1ère bille : Ne pas commencer dès la rentrée, attendre au moins une semaine avant de lancer le plan de travail. Profiter de cette semaine pour expliquer quotidiennement en quoi cela va constituer, qu’est-ce qui va changer pour eux. Beaucoup seront enthousiastes mais également paniqués à l’idée de liberté évoquée. Je prépare un faux plan de travail déjà complété en partie et on essaie de voir ce qu’à fait l’élève tel jour, comment a-t-il pris les exercices, pourquoi a-t-il colorié cette case, pourquoi cette couleur etc…
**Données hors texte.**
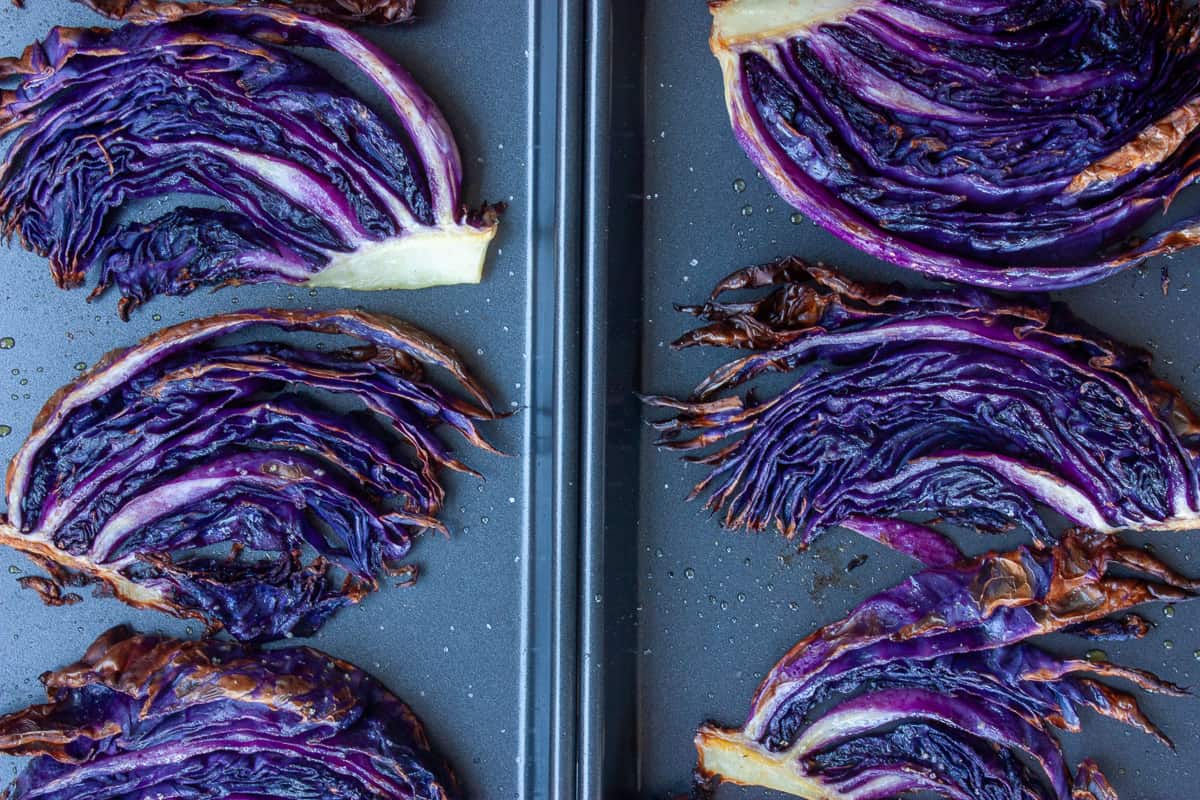 Roasted cabbage slices set over two baking trays.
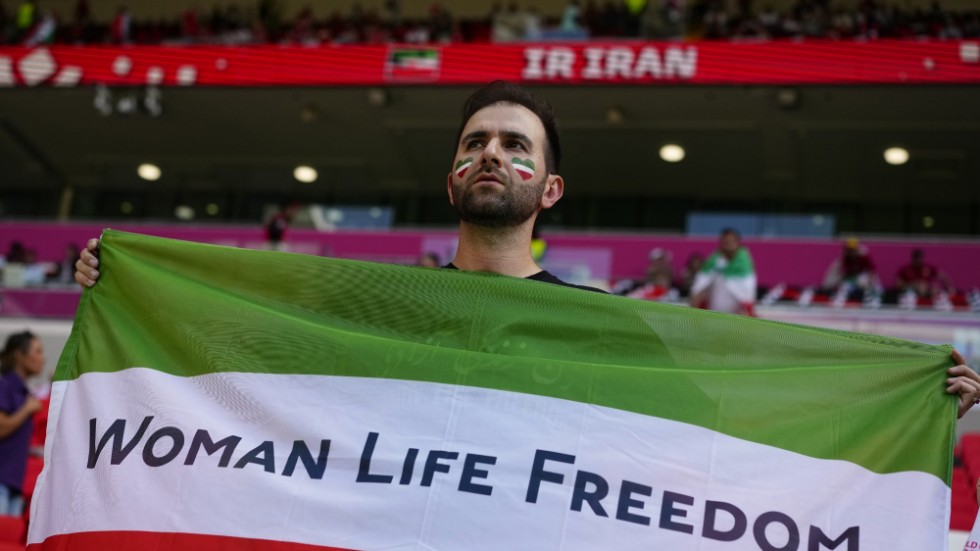 En iransk supporter håller upp en flagga med den iranska proteströrelsens slagord på läktaren.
2ème bille : Ne pas commencer avec un plan de travail trop complet. Limiter le nombres de projets pour que les enfants se les approprient. En rajouter au fur et à mesure lorsque vos indicateurs vous signaleront que c’est possible. La fiche de projet proposée en exemple ci-dessus est une fiche de fin d’année scolaire. Même chose pour les tâches hebdomadaires, ne pas trop en mettre au départ et éviter de mettre plus d’une case à cocher par tâche pendant les premières semaines.
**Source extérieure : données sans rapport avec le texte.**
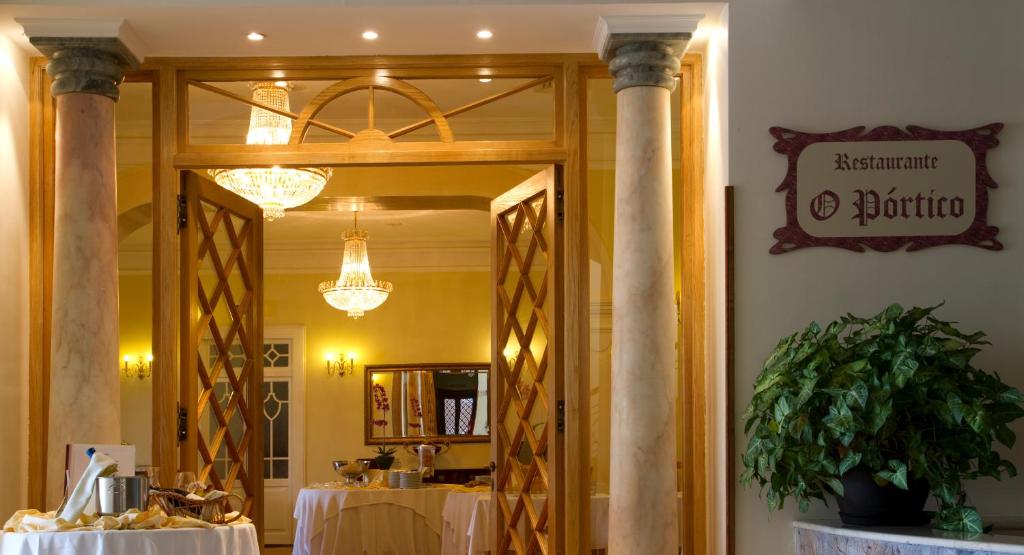Elegants restorāna "O Pórtico" ieeja ar koka durvīm un greznām lampām, kas rada siltu un aicinošu atmosfēru. Sākuma punkts gardām maltītēm un izsmalcinātai apkalpošanai.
3e bille : LA plus importante, le degré d’autonomie. J’ai défini trois degrés d’autonomie. Niveau 1, l’élève n’est pas encore autonome et a du mal à se repérer et à utiliser son plan de travail. C’est vous qui lui remplissez impérieusement (ou en lui demandant son avis, mais là vous risquez d’en avoir pour très longtemps car vous n’aurez pas que lui les premiers jours) son travail du jour ou de la semaine en français et mathématiques. L’élève n’aura plus à s’occuper de remplir son plan de travail, il pourra se consacrer au repérage des différents classeurs et modules et à l’utilisation des fiches. Lorsque l’élève se sent prêt à prendre son envol, faites un essai comme s’il s’agissait d’un élève de niveau 2 pendant quelques jours. En fonction de ce qui se passera, vous aurez votre indicateur. Niveau 2, l’élève a compris le fonctionnement mais a parfois besoin de vous pour être rassuré ou pour demander conseil sur la bonne démarche à suivre. Une vigilance nettement moins soutenue est de mise, vous pouvez vous permettre de contrôler son plan de travail en fin de journée ou le lendemain en début de matinée. Il a fait des erreurs ? Rien de grave, les niveaux 2 en font encore à leur début et il faut l’accepter et lui laisser faire. Appelez-le si besoin pour lui montrer ses erreurs et lui rappeler certaines règles de fonctionnement en utilisant les post-it s’il s’agit juste d’un oubli. S’il trébuche trop longtemps malgré vos relances, basculez-le en niveau 1 pendant un moment, en lui expliquant bien que ce n’est pas une punition mais que c’est un temps pour lui permettre de mûrir et de s’approprier l’outil à son rythme. Cela arrive très très rarement. Niveau 3, l’élève a bien compris le fonctionnement, se repère correctement et fait le travail selon vos attendus. Il est totalement libre sur son choix de travail et d’activités.